10CC’s “I’m Not In Love” is one of rock’s greatest love songs, one that is loved by everyone. Work on the song began in late 1974 and was finished in 1975 so that it could be included in the band’s groundbreaking album, The Original Soundtrack .
The level of care taken by Stewart and the band over this record is no better illustrated than through the three weeks that Stewart spent recording Gouldman, Godley, and Creme singing “ahhh” 16 times for each note of the chromatic scale, building up a “choir” of 48 voices. Eventually Creme suggested that Stewart should create tape loops, these were 12 feet in length raising technical challenges of their own.
Eric Stewart was inspired to write “I’m Not In Love” because of a chance remark by his wife. “Gloria said to me one day, ‘you’ve stopped saying I love you.’ ‘Yes, but if I keep saying it, it would no longer have any meaning.’ While this was inconsequential banter between us, the notion stuck in my mind, and when I put the idea to my song-writing partner of a song which said ‘I’m not in love’ and then proceeded to give all the reasons why the singer was totally in love, he thought it was great.”
Originally Eric and Graham thought the song would be a shuffle beat, Latin-tinged, number along the lines of “The Girl From Ipanema.” In the end, it turned out very differently.
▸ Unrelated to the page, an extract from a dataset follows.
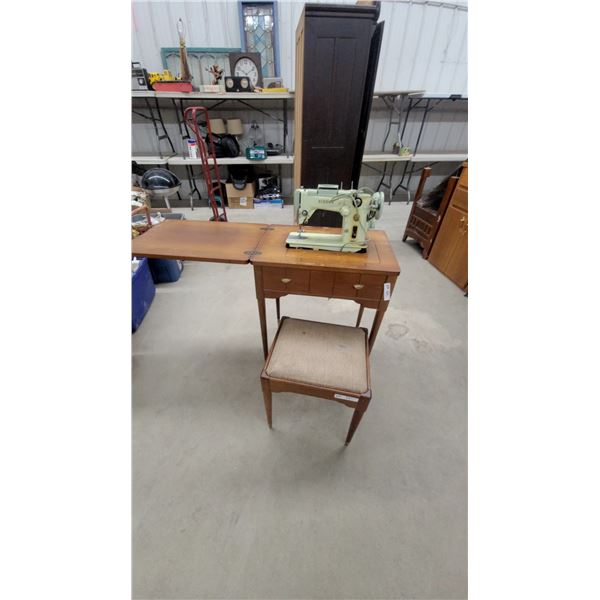 Singer 401A Slant-O-Matic Sewing Machine in Cabinet with Stool, Circa 1960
The backing track for the song turned into something akin to the “wall of sound” and when they added the studio secretary saying “Big Boys don’t cry, be quiet, big boys don’t cry” in the middle of the song, they knew they had something very special.
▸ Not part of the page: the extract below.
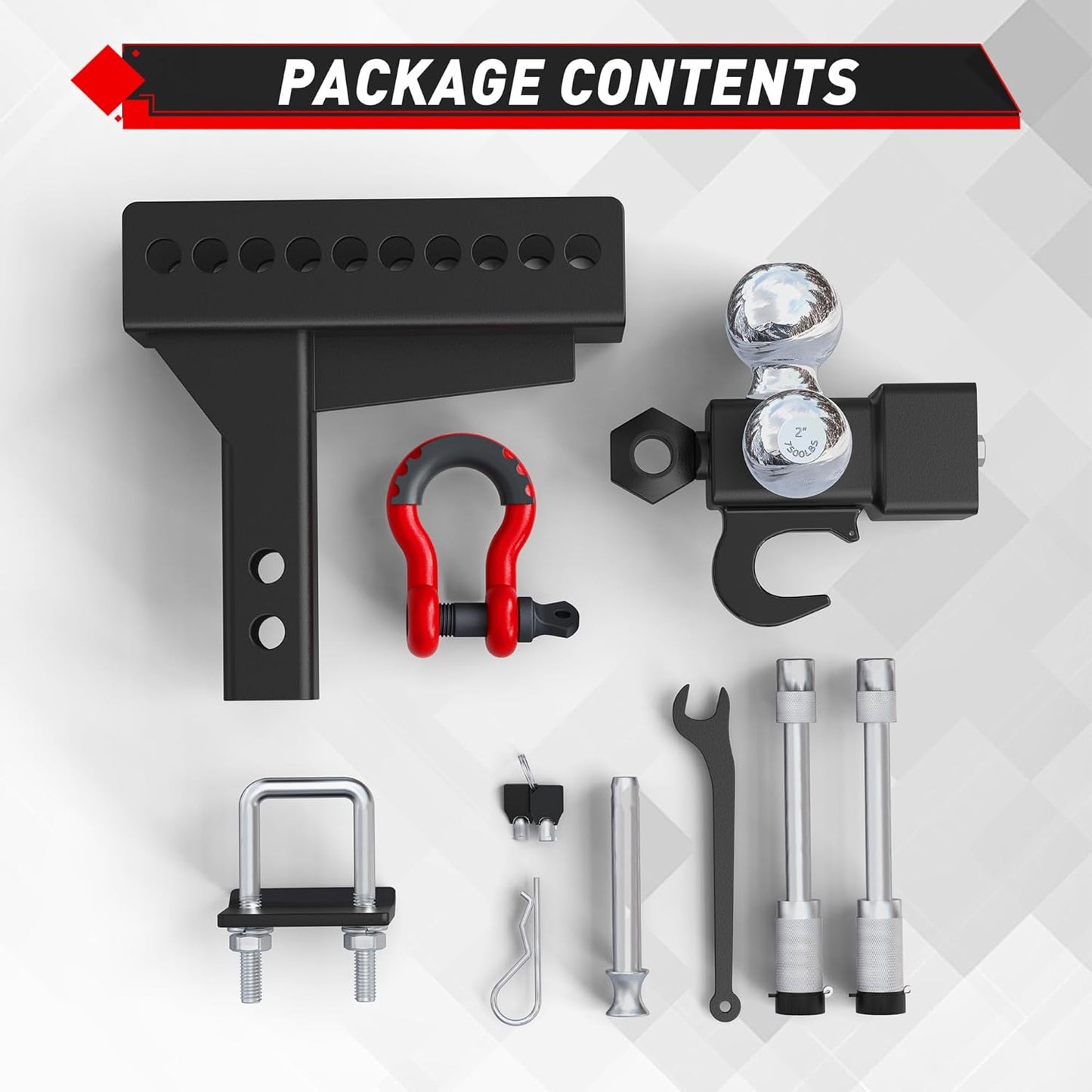 TYT Adjustable Tri-Ball Trailer Hitch for 2 inch Receiver, 4.5" Drop/Rise, Triple Balls (1-7/8", 2", 2-5/16") with Tow Hook & Shackle, 10,000 lbs GTW, 1,000 lbs TW, Pin Lock & Hitch Tightener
“The appeal of the song,” according to Eric, “is simple. It’s exactly what people want to say to their loved one. It’s become ‘our record’ to countless couples. Somehow it conveys that initial rush of pleasure that the four of us had when we recorded it.”
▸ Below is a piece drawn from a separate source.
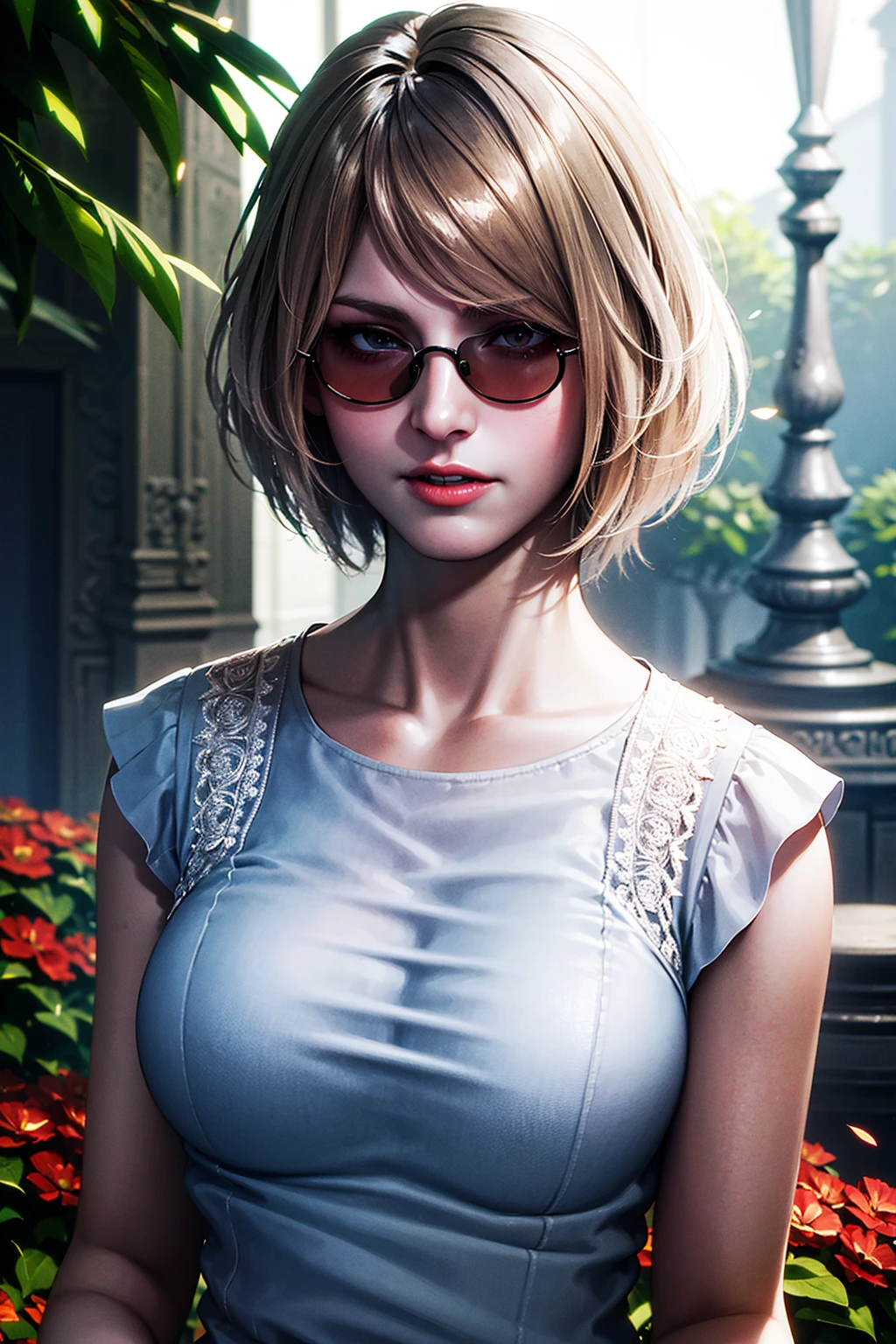 1girl, portrait of shot of re4ashley, sunglasses, tight white dress, park, flowers, volumetric lighting, best quality, masterpiece, intricate details, tonemapping, sharp focus, hyper detailed, trending on Artstation, realistic, <lora:sxz-ashley-graham:0.6>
The Original Soundtrack came out in March 1975 in the UK and “I’m Not In Love” was released, first in the US, in early May, making the Hot 100 on May 17 . It steadily climbed the charts until it made #2 on July 26, where it stalled for three weeks, kept from No.1 by Van McCoy’s disco classic, “The Hustle,” The Eagles and “One Of These Nights” and The Bee Gee’s “Jive Talkin” The single made the UK charts on the last day of May and, a month later, it spent two weeks at the top.